The Gelasian Decree (Decretum Gelasianum) is a Latin text traditionally thought to be a decretal of the prolific Pope Gelasius I (492–496). The work reached its final form in a five-chapter text written by an anonymous scholar between 519 and 553. The second chapter is a list of books of Scripture defined as part of the biblical canon by a Council of Rome, traditionally dated to Pope Damasus I (366–383) and thus known as the Damasine List. The fifth chapter of the work includes a list of rejected works not encouraged for church use.

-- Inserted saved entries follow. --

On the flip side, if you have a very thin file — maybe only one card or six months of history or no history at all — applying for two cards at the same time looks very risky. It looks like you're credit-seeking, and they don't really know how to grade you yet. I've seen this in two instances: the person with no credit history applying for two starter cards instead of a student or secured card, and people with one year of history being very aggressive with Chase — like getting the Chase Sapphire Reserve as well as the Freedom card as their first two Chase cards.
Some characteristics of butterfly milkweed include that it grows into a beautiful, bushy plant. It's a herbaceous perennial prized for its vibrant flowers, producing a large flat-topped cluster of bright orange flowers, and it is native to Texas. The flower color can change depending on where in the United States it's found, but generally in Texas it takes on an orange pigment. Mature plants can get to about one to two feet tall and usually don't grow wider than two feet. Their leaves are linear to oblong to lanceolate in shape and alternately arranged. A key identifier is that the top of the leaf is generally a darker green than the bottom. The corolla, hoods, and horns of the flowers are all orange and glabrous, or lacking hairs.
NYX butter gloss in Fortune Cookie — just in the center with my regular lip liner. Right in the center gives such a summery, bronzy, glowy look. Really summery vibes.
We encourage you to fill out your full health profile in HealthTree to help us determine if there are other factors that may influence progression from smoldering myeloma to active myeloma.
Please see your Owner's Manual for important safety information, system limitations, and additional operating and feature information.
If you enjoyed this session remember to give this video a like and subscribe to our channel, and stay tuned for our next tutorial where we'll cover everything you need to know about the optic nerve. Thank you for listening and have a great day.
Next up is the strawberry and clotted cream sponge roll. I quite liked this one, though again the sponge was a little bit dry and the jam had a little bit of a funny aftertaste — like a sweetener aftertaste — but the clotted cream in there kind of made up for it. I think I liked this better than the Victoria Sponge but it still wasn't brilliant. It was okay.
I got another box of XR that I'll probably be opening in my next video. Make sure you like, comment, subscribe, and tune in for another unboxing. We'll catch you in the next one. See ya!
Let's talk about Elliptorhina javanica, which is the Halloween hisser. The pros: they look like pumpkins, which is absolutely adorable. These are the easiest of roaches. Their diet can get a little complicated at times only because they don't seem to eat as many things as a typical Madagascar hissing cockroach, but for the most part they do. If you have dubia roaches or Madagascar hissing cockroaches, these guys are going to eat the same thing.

In The Carolingians and the Written Word, Rosamond McKitterick wrote:

It appears to have had nothing to do with Gelasius, but instead may be a product of Frankish Gaul. Certainly its earliest manuscript witness, Brussels 9850-2, was produced c. 700 in the Corbie region, possibly in Soissons itself, and given to the abbey of St Medard at Soissons by Abbot Nomedius. The earliest surviving manuscript copy of the full text is Fulda, Bonifatianus 2, written either at Luxeuil itself or by a Luxeuil-trained scribe elsewhere. It should be remembered that both Abbot Nomedius and Corbie itself were connected with the monastic zeal of Queen Balthild, and that Corbie’s first community included monks from Luxeuil.

==Content==
The Decretum exists in a number of recensions of varying lengths. The longest has five chapters, another recension has the last four of these chapters, another the last three, and another the first three.

===Chapters===
1. A list of the seven gifts of the Holy Spirit as attributes of Christ, and of the titles that are applied to Christ
2. A list of the books that make up the Old and New Testament. The Old Testament list contains, in addition to the books of the Hebrew Bible, all of the deuterocanonical books other than Baruch with the Letter of Jeremiah (which however might be subsumed under the Book of Jeremiah). The New Testament list contains the 27 standard books: 4 Gospels, Acts, 14 letters of Paul (including Hebrews), Apocalypse of John, and 7 General Letters (of which 2 and 3 John are attributed to "the other John the elder", and Jude to "Judas the Zealot"). The Decretums canon of Scripture is thus identical with the Catholic canon issued by the Council of Trent.
3. a short endorsement of the supremacy of the Bishop of Rome over the other bishops, citing the authority of Peter, and a statement of the order of precedence of the three principal episcopal sees: Rome, then Alexandria, then Antioch.
4. a list of writings that are "to be received": the decrees of the first four ecumenical councils, and the writings of the Church Fathers and ecclesiastical writers mentioned in the chapter, varying from famous to obscure (for example Sedulius and Juvencus). Notably, it suggests that while Origen of Alexandria's work can be read, he personally should be rejected as a "schismatic".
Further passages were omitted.